Infrared Explained: Any visible light frequencies are reflected and refracted into any rainbow’s arc and show up as individual colors starting at the violet range all the way to red. The red spectrum is the longest ray, almost a wave as the longer spectrums have the personality of waves. Any infrared light is also being reflected and refracted but it is NOT visible to the eye. Since infrared light is subject to being absorbed as heat, the light does not show up as a lighter portion of the infrared film, rendering the infrared band appearing to be darker than the non-infrared sectors of light. Also notice “ghosting” of leaves on some of the trees. Since is is a darker value, it is showing of the branches transpiring water, therefore being cooler (the process is what gives that “cool” feel of being by plants). This was the original great asset of infrared photography’s use for military purposes in the jungles.
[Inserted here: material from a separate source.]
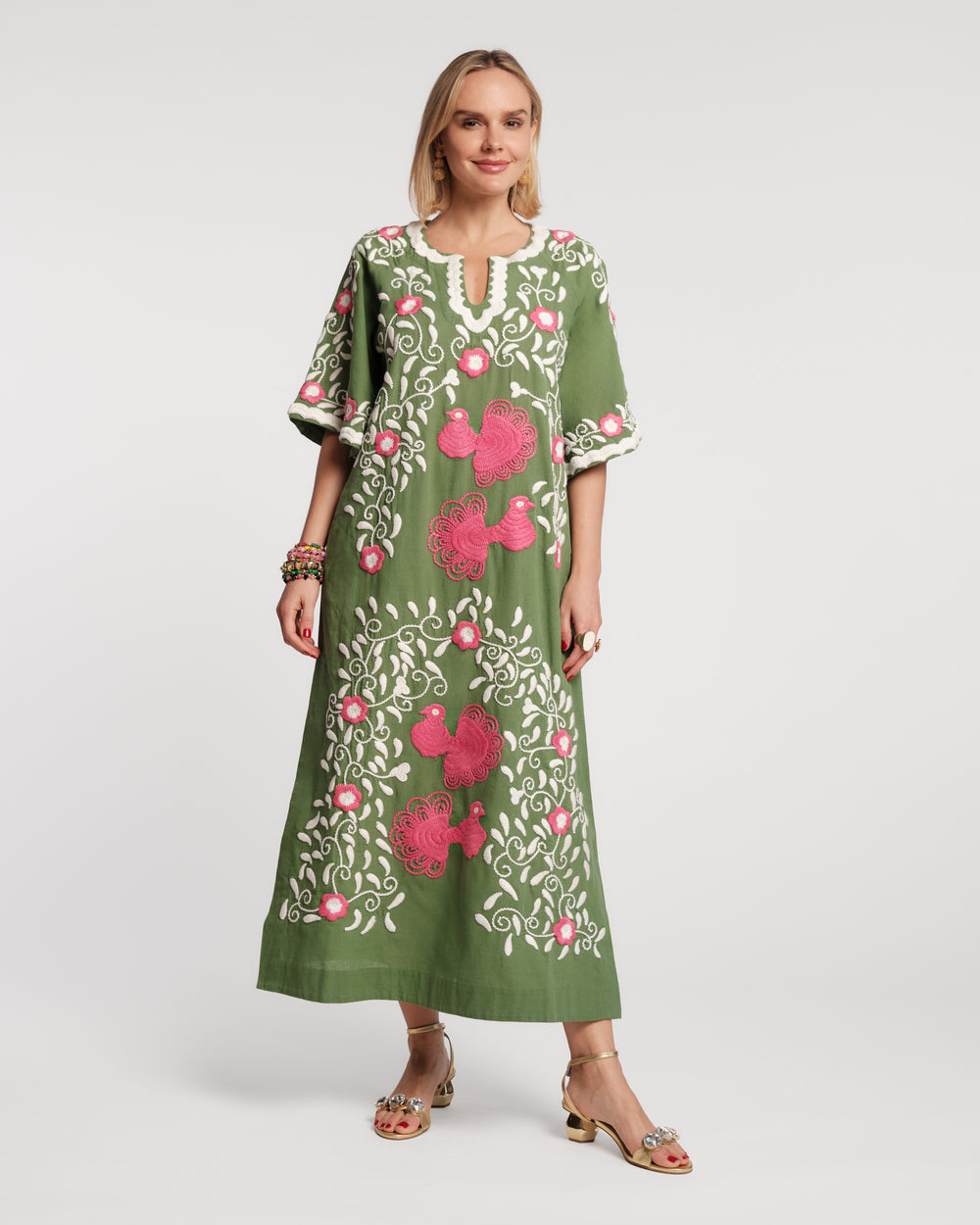 Embroidered Peacock Charming Caftan - Green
Photo #1 is an image overlay of the visible light photo on top of the infrared. I allowed the transparency to see both photos equally. See the below two photos for exposure information for each of the two photos..
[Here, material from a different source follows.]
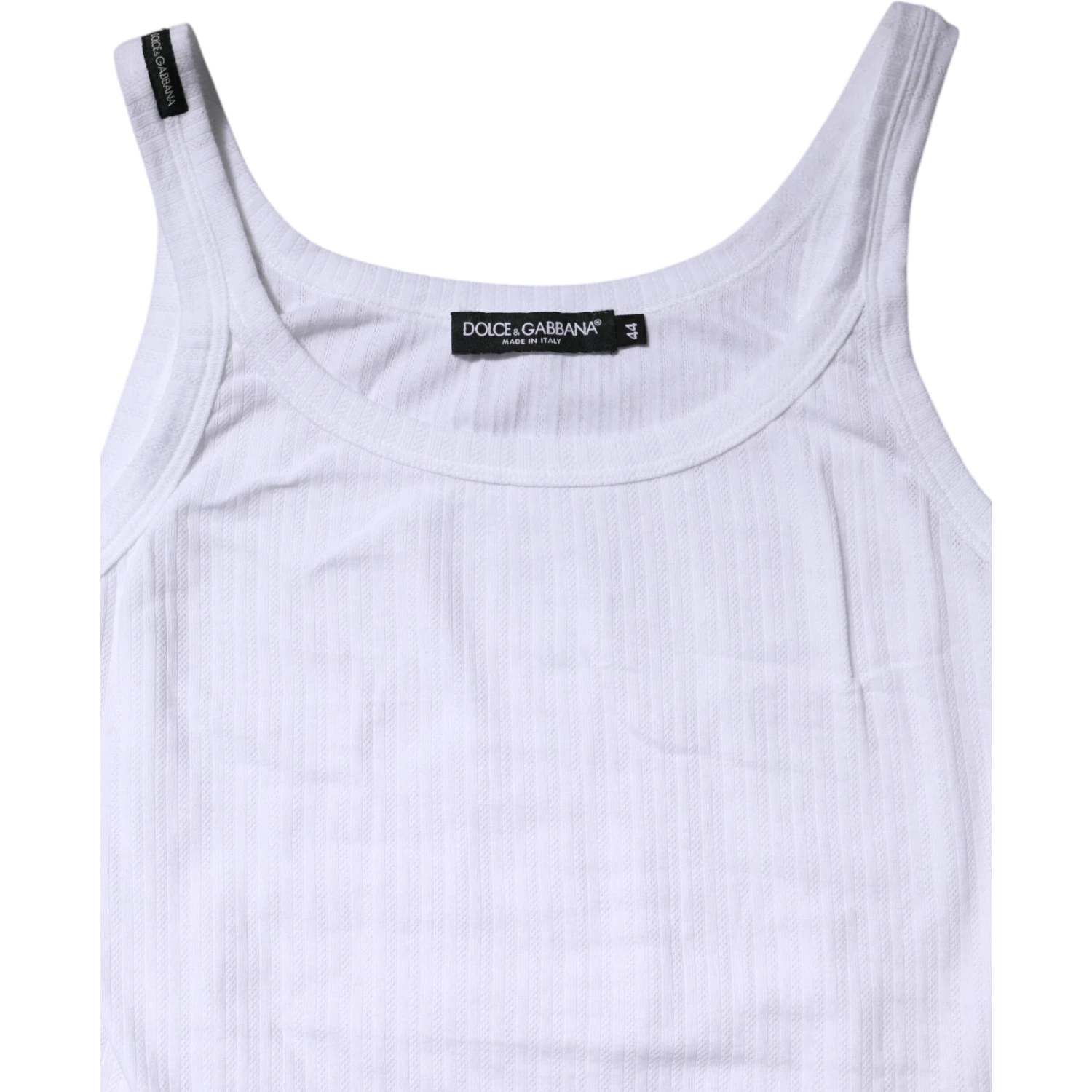 White Cotton Round Neck Sleeveless Tank Top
Infrared vs. Visible Light Rainbow: Photo 2 & 3 are photos are of a rainbow in Oak Forest, Illinois, of a repeat post of the absolute original “Photo Of The Day” (now “Featured Photo”) segment that started Labor Day weekend in 2019. In the segment, I show the difference between a rainbow in an infrared photo by displaying the spectrum they use as compared to a visible light photo. Note that the spectrum is down on the near side shifted over and out of the red spectrum, as the featured rainbows show the results.
Photo #2 is taken on Kodacolor then ASA (ISO) 100 speed film processed C-41 with a tripod through a Nikon EM with a Nikon 26 mm lens, filter=polarizer, Aperture=22 f/stop, shutter-speed 1/30th second. Enlargements processed standard color process on 4×6″ silk standard color image enlargement paper.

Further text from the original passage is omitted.